Among the entries below, only the lines starting at the one with "Lace Top Strapless" and ending at the one with "Clarks Womens Elliotte", both included, are to be printed exactly.

___ Given information

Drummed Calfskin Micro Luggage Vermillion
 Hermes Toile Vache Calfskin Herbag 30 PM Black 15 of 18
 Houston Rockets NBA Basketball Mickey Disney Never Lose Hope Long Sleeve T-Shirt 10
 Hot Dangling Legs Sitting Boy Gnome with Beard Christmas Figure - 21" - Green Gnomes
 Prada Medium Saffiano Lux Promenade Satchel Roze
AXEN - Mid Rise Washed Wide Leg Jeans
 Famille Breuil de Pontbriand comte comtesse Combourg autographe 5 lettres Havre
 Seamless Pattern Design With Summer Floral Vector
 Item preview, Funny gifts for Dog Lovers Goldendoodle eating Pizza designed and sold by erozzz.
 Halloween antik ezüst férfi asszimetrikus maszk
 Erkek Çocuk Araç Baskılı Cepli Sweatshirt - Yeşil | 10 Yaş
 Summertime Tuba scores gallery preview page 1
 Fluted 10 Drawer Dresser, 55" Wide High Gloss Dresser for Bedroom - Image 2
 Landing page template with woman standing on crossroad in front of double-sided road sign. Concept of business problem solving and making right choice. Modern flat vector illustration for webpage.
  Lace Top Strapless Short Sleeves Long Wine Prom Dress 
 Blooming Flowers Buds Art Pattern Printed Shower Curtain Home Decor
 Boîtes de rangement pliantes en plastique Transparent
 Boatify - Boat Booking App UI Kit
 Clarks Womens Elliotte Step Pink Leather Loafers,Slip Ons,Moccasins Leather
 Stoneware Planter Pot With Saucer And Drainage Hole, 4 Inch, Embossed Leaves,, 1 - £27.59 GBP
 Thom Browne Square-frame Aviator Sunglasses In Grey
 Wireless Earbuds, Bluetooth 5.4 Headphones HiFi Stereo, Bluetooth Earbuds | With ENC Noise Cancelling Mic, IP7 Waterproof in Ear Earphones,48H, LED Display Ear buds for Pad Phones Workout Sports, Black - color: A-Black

______

→ **Answer below**
  Lace Top Strapless Short Sleeves Long Wine Prom Dress 
 Blooming Flowers Buds Art Pattern Printed Shower Curtain Home Decor
 Boîtes de rangement pliantes en plastique Transparent
 Boatify - Boat Booking App UI Kit
 Clarks Womens Elliotte Step Pink Leather Loafers,Slip Ons,Moccasins Leather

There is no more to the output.